De esta manera, quien puede reírse de sí mismo demuestra una forma de libertad interior ya que deja de depender del juicio externo para sostener su autoestima. Esta actitud reduce la vergüenza, neutraliza el miedo al ridículo y permite enfrentar los tropiezos cotidianos con mayor ligereza emocional.

La frase no aparece de forma textual en las obras de Epicteto, Enquiridión y Disertaciones. Más bien parece una adaptación moderna de sus ideas relacionadas con la reputación y el juicio ajeno.

Quién fue Epicteto

El filósofo y pensador Epicteto (55-125 d.C.) nació en Hierópolis (actual Turquía y ex Grecia Antigua culturalmente) y fue esclavo hasta que su amo, Epafrodito, le otorgó la libertad poco después de la muerte del emperador Nerón en el año 68. Su amo le había permitido estudiar con un gran maestro estoico Musonio Rufo, de quien tomó muchas ideas.

Epicteto fue uno de los mayores exponentes del estoicismo.

Una vez liberado, Epicteto abrió su propia escuela y enseñó filosofía hasta que el emperador Domiciano expulsó a todos los filósofos de Roma en el año 89.

En Nicópolis (Grecia), creó otra escuela, a la que asistió el historiador Arriano, cuyas notas de clase sirvieron para dejar constancia del pensamiento de su maestro.

Según Arriano, el Enquiridión y los Discursos son transcripciones literales de las discusiones que el filósofo Epicteto mantenía con sus alumnos.

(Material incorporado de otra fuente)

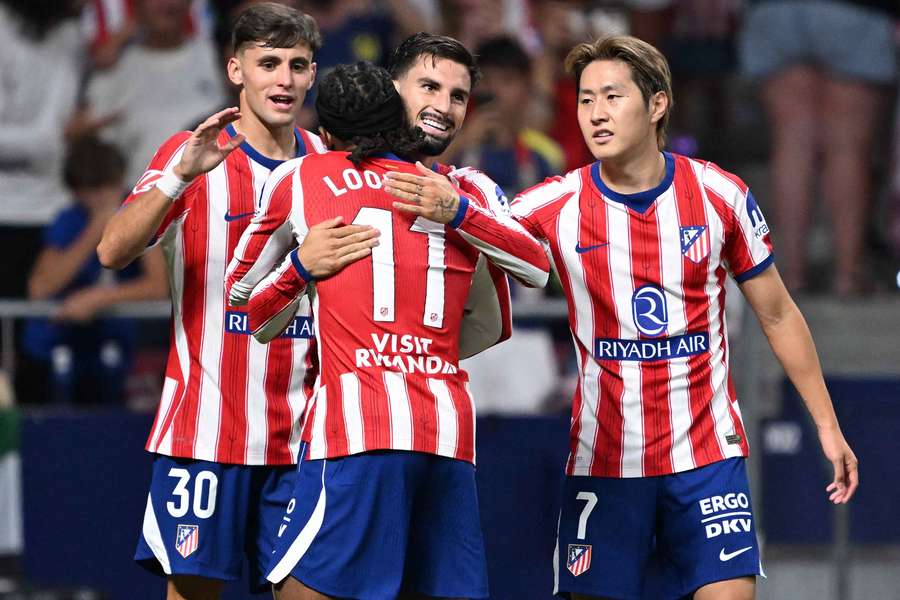 El Atlético sufrió para ganar al Málaga El Atlético sufrió para ganar al Málaga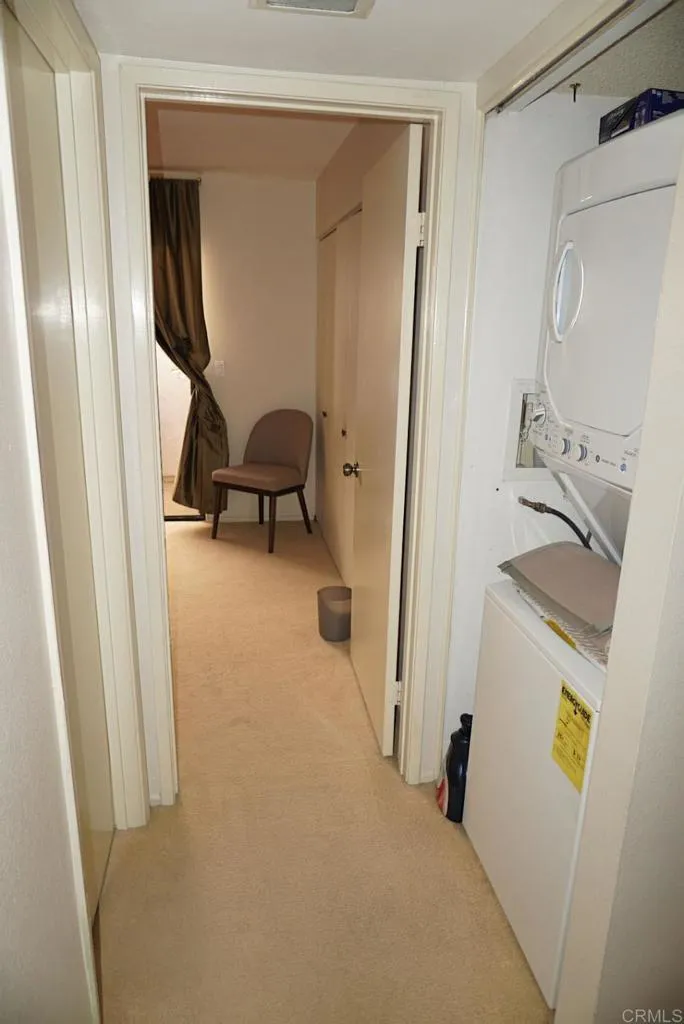 https://cdn.realtyfeed.com/cdn/127/306602523/d202f757afa41e6c169a2dff0d2f9282.webp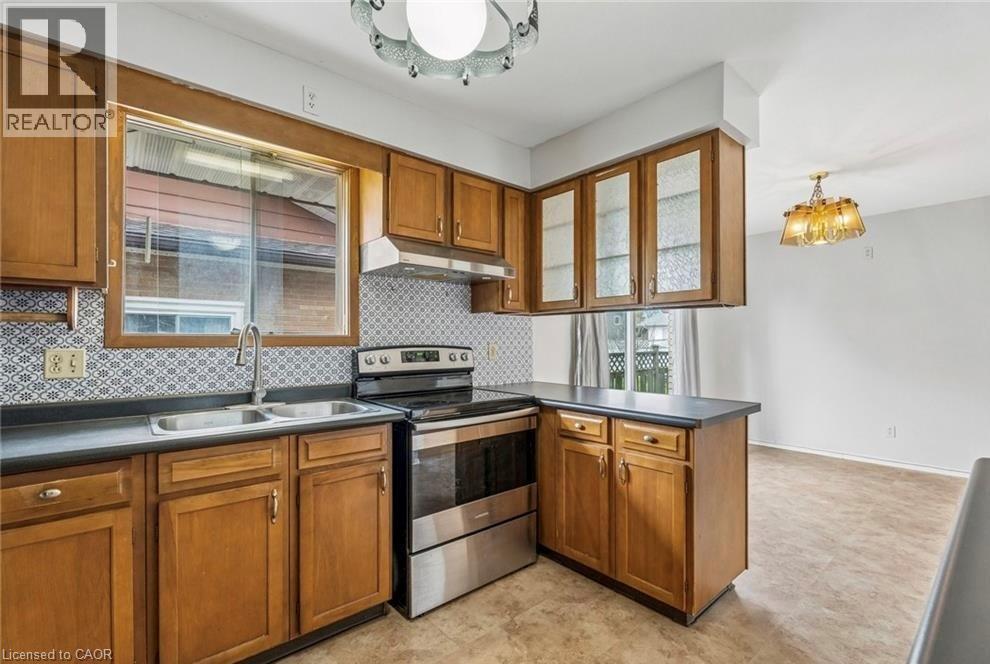 29 HEATHER Court - 6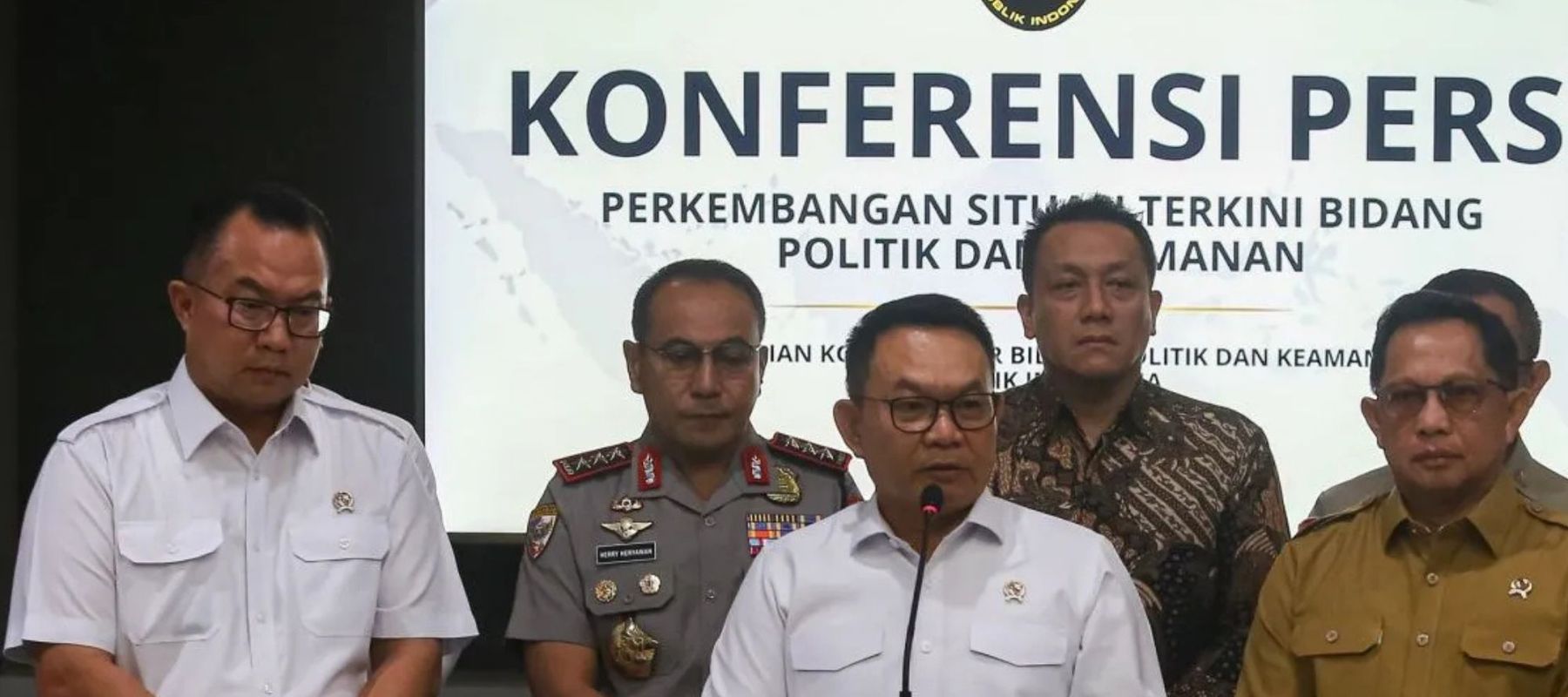 Menko Polkam Dudung Abdurachman (tengah) didampingi Mendagri Tito Karnavian (kanan), Wakil Menteri Lingkungan Hidup Diaz Faisal Malik Hendropriyono (kedua kanan), Kabaharkam Polri Komjen Herry Heryawan (kedua kiri), dan Kepala BRIN Arif Satria (kiri)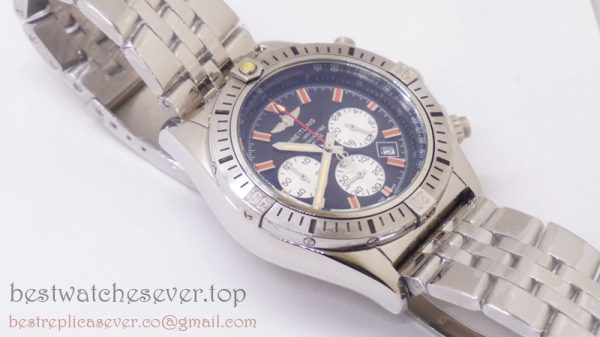 Breitling Skyland Avenger Working Chronograph S/S BGG239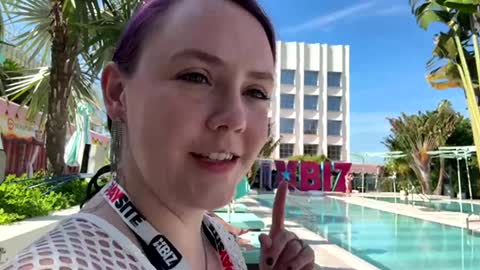 Snapshot of syndica chatting on May 12, 2026, 1:41 pm Jennah online show from May 12, 2026, 1:41 pm
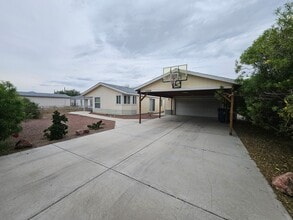 1069 Baseline Rd in Bullhead City, AZ - Building Photo - Building Photo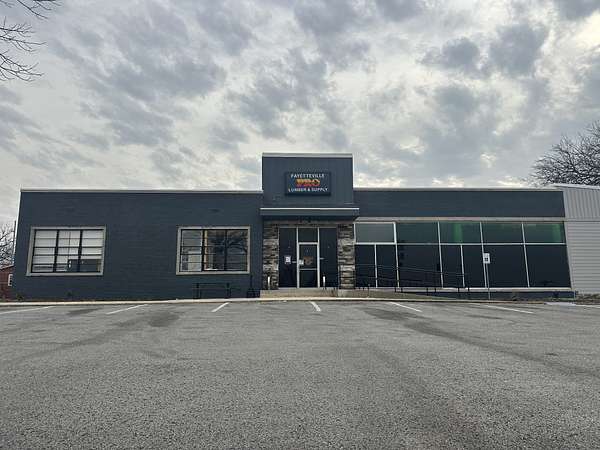 3.5 Acres of Improved Commercial Land for Sale in Fayetteville, Tennessee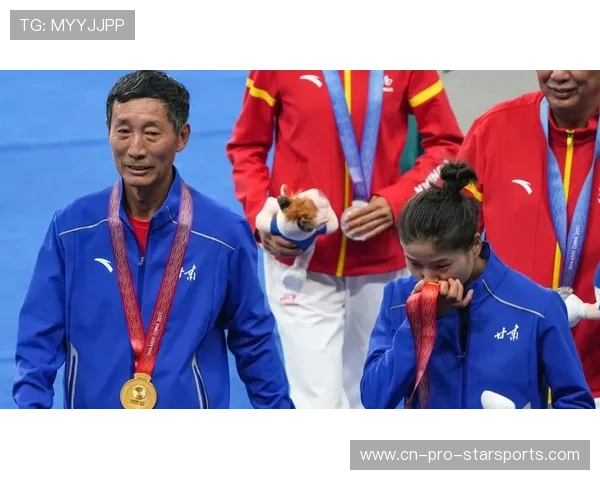 世界田径训练营教练员互评体系试点成效显著，世界著名田径教练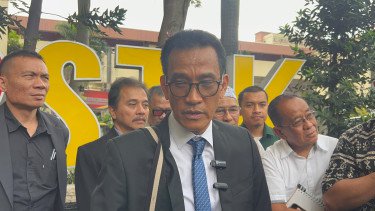 Audiensi Reformasi Polri Berantakan, Refly Harun Cs Walk Out Massal Karena...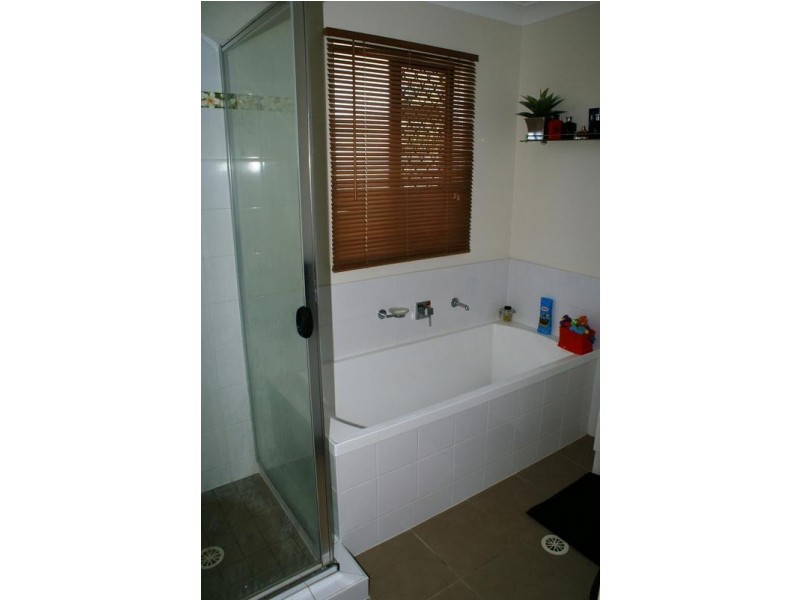 5 Stockdale Place, Wulkuraka QLD 4305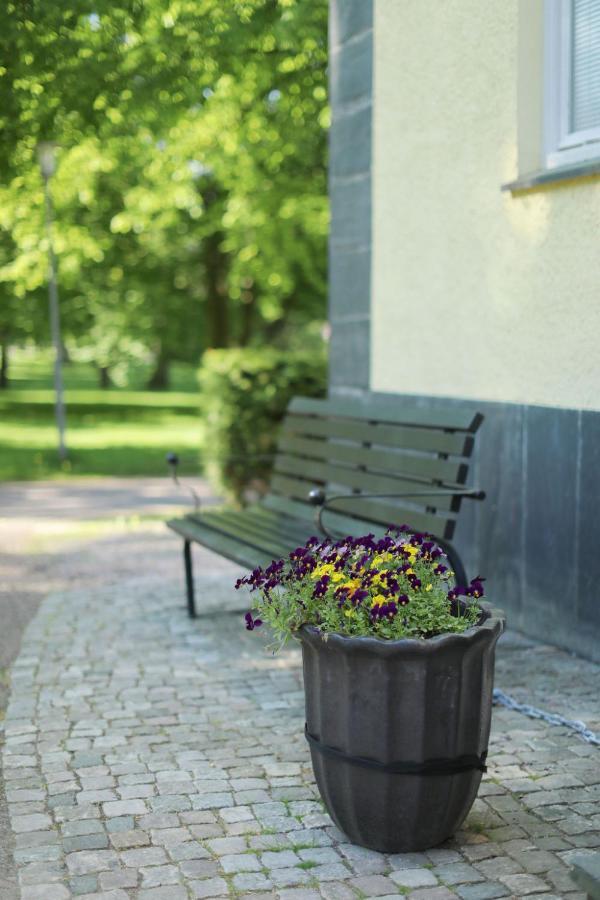 Park Hotell Kristinehamn Bagian luar foto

Vigencia de la frase en el mundo actual

Epicteto nos enseñó hace casi dos mil años que la capacidad de reírse de uno mismo es una habilidad muy valiosa. Veamos el impacto de esa frase sobre el mundo y las costumbres actuales:

  • Reduce la presión social, al disminuir la obsesión por la imagen perfecta.
Reirse de uno mismo y no depender de lo externo. Una fortaleza también de las buenas parejas./ Foto Shutterstock.
  • Fortalece la resiliencia emocional, ayudando a afrontar errores y fracasos.
  • Mejora las relaciones personales, al generar cercanía y autenticidad.
  • Atenúa el impacto de la crítica, evitando que afecte de forma desproporcionada.
  • Favorece el bienestar psicológico, al relativizar los problemas cotidianos.

En definitiva, reírse de uno mismo no solo garantiza motivos constantes para la risa, sino también una manera más sabia y liviana de habitar la propia vida.